INFORMATION PROVIDED
• • • • •
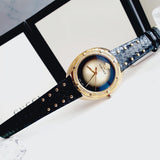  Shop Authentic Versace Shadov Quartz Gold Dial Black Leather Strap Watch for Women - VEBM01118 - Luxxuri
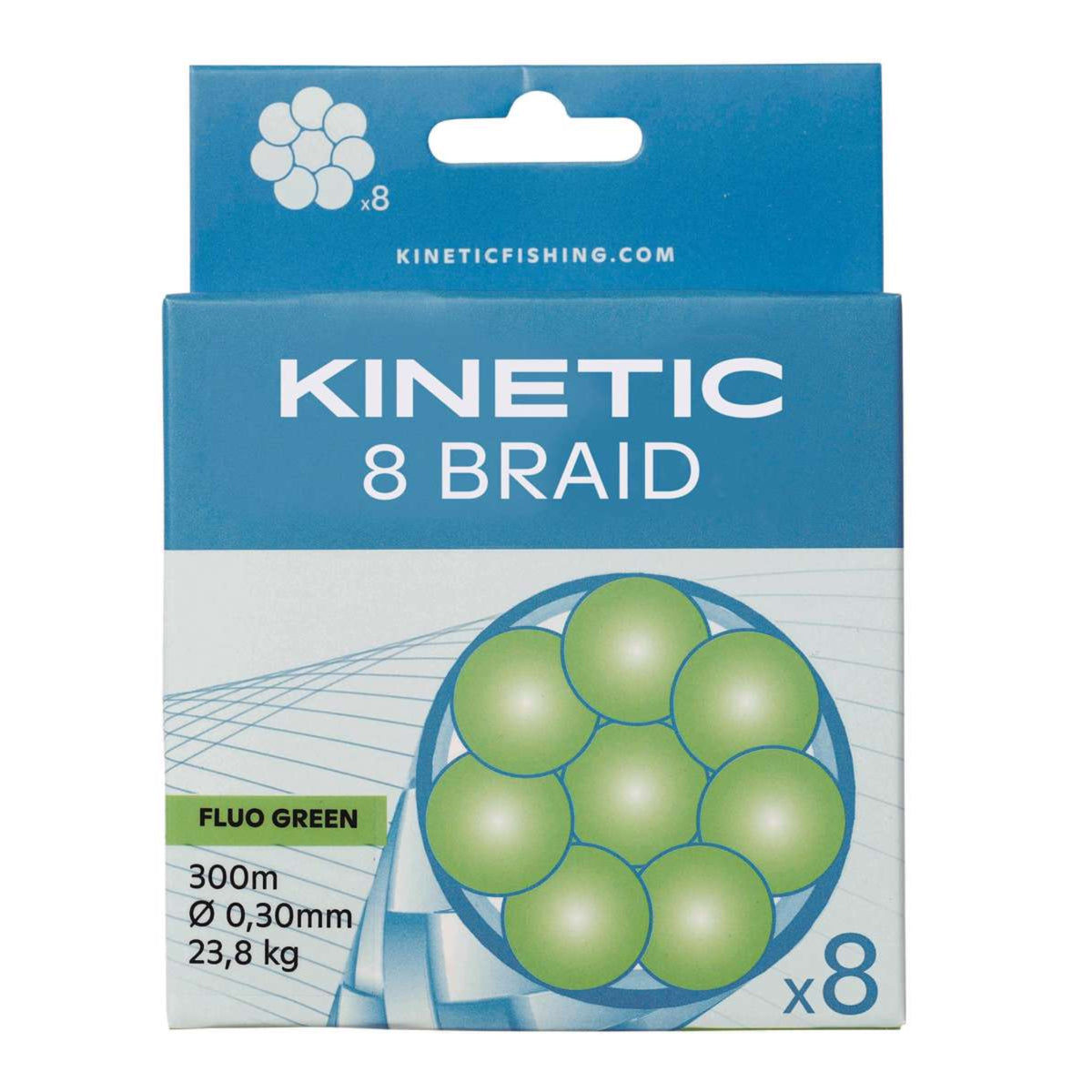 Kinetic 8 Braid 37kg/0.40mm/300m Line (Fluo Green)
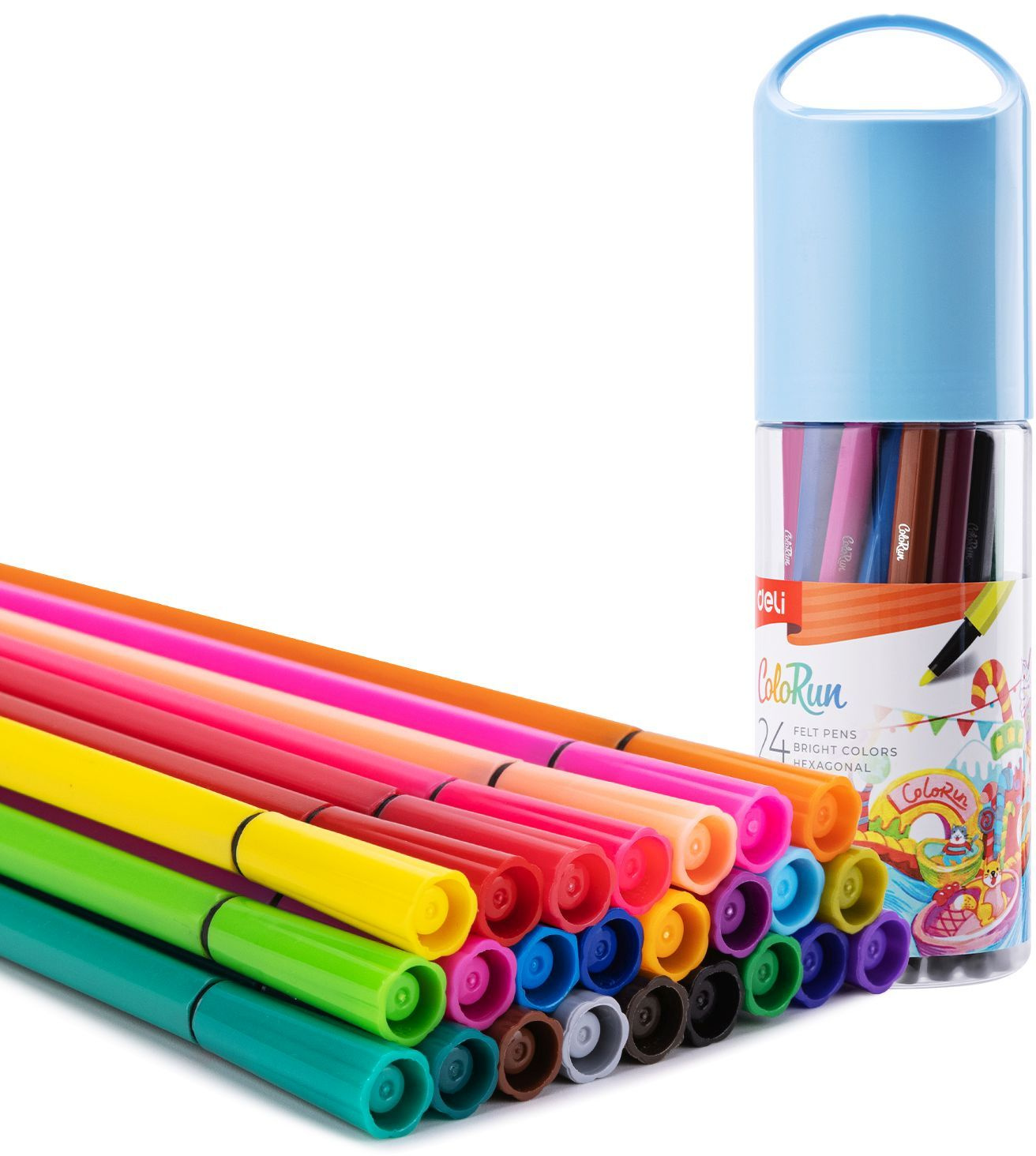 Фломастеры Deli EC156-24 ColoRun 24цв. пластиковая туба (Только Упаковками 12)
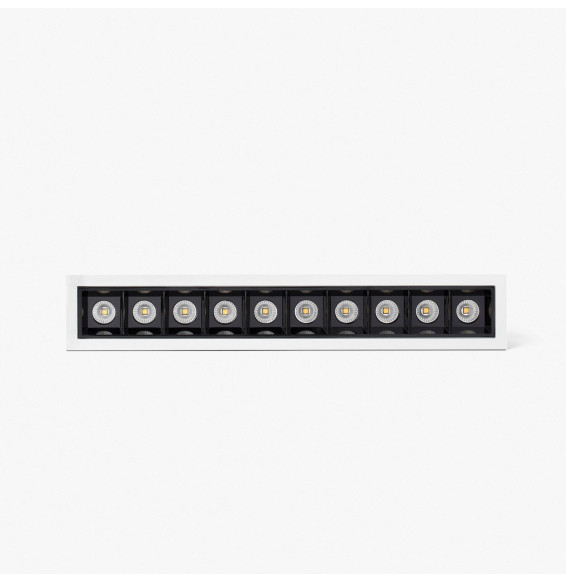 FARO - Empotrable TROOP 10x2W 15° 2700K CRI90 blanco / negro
• • • • •
In your copy, leave out the pictures and reproduce the material above exactly.

  Shop Authentic Versace Shadov Quartz Gold Dial Black Leather Strap Watch for Women - VEBM01118 - Luxxuri
 Kinetic 8 Braid 37kg/0.40mm/300m Line (Fluo Green)
 Фломастеры Deli EC156-24 ColoRun 24цв. пластиковая туба (Только Упаковками 12)
 FARO - Empotrable TROOP 10x2W 15° 2700K CRI90 blanco / negro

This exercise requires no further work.